Aylardır yataktaydı. Yatakta olmasının nedeni bedeninden çok ruhuydu belki ama ruhunu kimse görmediği için sadece fiziksel rahatsızlığından dolayı yatakta gibi görünüyordu. Ablasının ısrarları üzerine ilk defa sokağa çıktı. Yaz sıcağında buharlaşan asfalt gözlerini kamaştırıyordu. Neyse ki kentin en nezih yerlerinden olan bu caddenin geniş kaldırımları ve devasa çınarları kaldırımdan sıcağı uzak tutuyordu. Hoş sıcak olsa da Merin bunu hissedecek durumda değildi. Sevinç ya da üzüntü denen uç duyguları çoktan unutmuştu çünkü. Ablası arkada o önde cadde boyu etrafı seyrederken ablası arkadan durmadan konuşuyor Merin dinlermiş gibi yapıp başını sallıyordu. Başını sallıyor ara sırada ablasını mutlu etmek için arkasını dönüp ablasına kırık bir gülücük gönderiyordu. Cadde cıvıl cıvıldı ama vitrinlerin albenisi bile Merin’e çekici gelmiyordu. Ablası kardeşini mutlu etmek için vitrinden ilgisini çeken şeyleri gösteriyor,
“Aa! Canım bak bu sana çok yakışır istersen alalım mı?..” gibilerden birçok şey konuşuyordu. Merin de aynı duygularla ablasını mutlu etmek için hayır anlamında başını sallayıp minik gülüşler gönderiyordu. Bir ara yeni bir mağazanın açılışı için kaldırımdaki palyaçonun komik hallerini görünce uzun zamandır unuttuğu bir kahkaha indi dudaklarına. Ve ağız dolusu gülüyordu ki karşı kaldırımdaki yüksek duvarlarda gördüğü kocaman posterleri görünce gülüşü donuverdi. Gözleri o posterlerdeki adama çakılı kaldı. Afişin üzerindeki yazıyı tekrar tekrar okudu. Kentte ünüyle nam salmış bir tiyatronun reklamıydı bu. Ekibin en başındaki isim ve resim kalbini sıkıştırdı. Kalbini sıkıştıran isim büyük puntolarla yazılmıştı. Necati Yıldız. Ablası durumu fark ettiğinde Merin’i hemen uzaklaştırmak istedi ama o ısrarla birkaç dakika daha kalmak istedi. O anda ablasının yıllar önce söyledikleri kulaklarında çınlıyordu.

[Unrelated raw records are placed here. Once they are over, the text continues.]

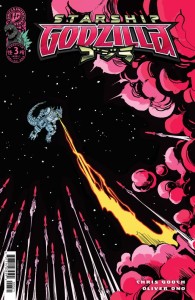 STARSHIP GODZILLA [KAI-SEI ERA] #3 VAR B (GOOCH)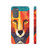 Digital Wolf iPhone Case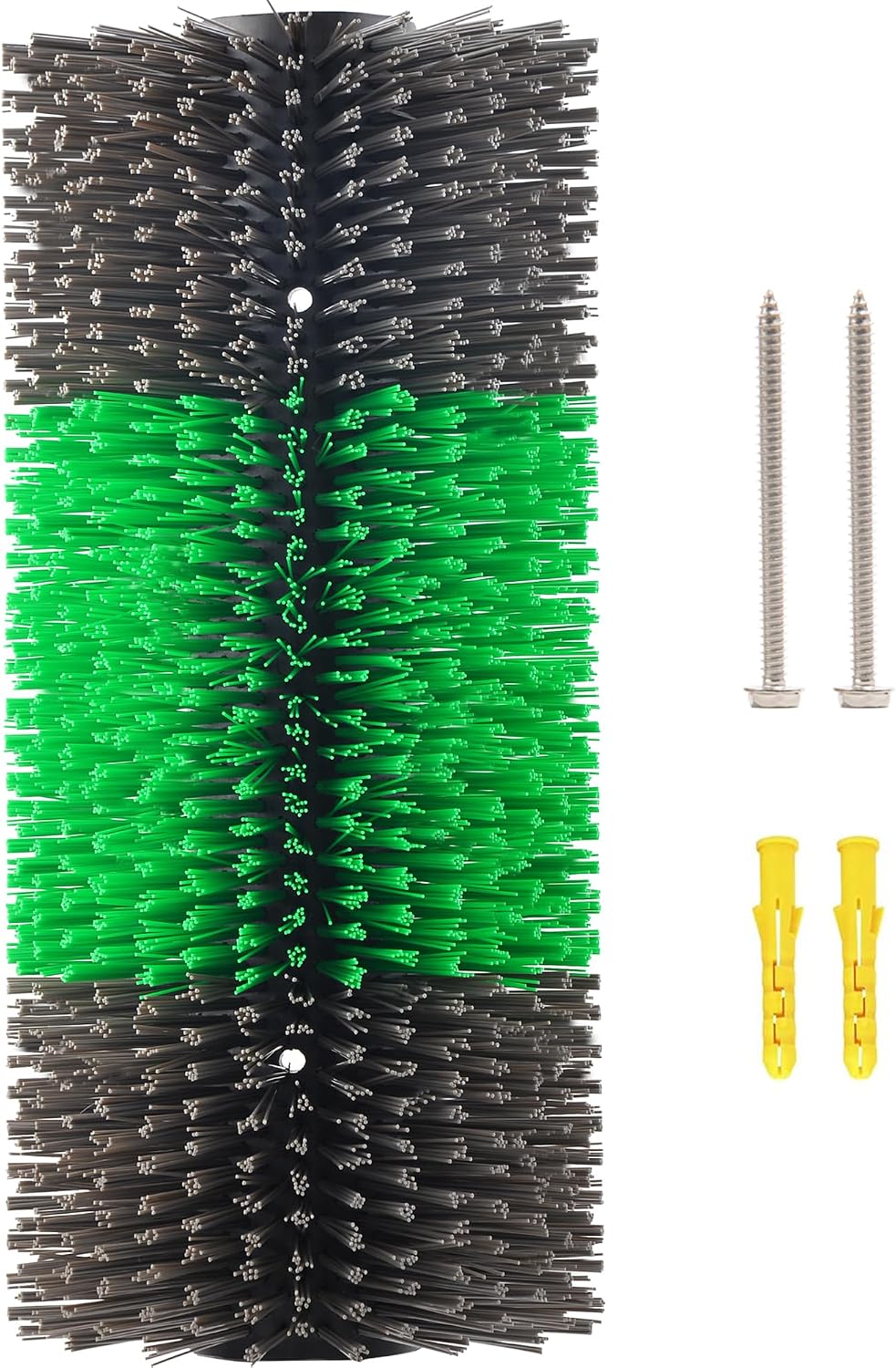 Livestock Scratch Brush Kit, Horse Massager for Relieving Itching, Suitable for Horse, Cattle, Sheep, Pig, Yellow - Image 9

“Kızım adam tiyatrocu, sana oyunun alasını oynar da ruhun duymaz…”
Haklıydı belki ablası hatta belkisi yoktu haklıydı ama Merin o zamanlar bunu göremeyecek hissedemeyecek hissetse bile kendisine anlatamayacak kadar aşıktı…
O posterin karşısında, o adamın bakışlarında, o adamın isminin içinde kaybolmak istedi. Merin çok uzaklardaydı şimdi…

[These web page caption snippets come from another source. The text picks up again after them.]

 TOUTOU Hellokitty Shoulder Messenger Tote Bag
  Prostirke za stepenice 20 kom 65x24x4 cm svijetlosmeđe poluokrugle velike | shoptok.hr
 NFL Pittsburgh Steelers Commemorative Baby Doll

Karşılaştıkları tren garının keskin demir kokusu geldi burnuna. Her buluşmada saçlarına taktığı papatyadan taçları anımsadı. Bazen hem başına hem kulaklarına hem de saçlarının arasına takardı. Saçları adeta papatya tarlasına dönerdi. Görenler tekrar tekrar döner bakar papatya saçlı kadın diye birbirlerine fısıldarlardı. Necati bu kadarla da kalmaz etraftaki insanları hiç umursamadan bir şiir patlatırdı Merin’e.
O ela gözlü bir devdi.
Minnacık bir kadın sevdi.
Kadının hayali bir minnacık bir evdi,
Bahçesinde papatya
Hanımeli açan bir ev.
Nazım Hikmet’le kendini özdeşleştirmeyi seviyordu Necati. Onun dizelerini kendince uyarlayıp Merin’in gözlerinin içine bakarken aşkla sunardı şiiri. Yüzünde alaysı bir tebessüm olurdu o anda ama Merin bu alaysılığı ciddiye almaz kalbinde kelebekler uçuşurdu. Necati devam ederdi.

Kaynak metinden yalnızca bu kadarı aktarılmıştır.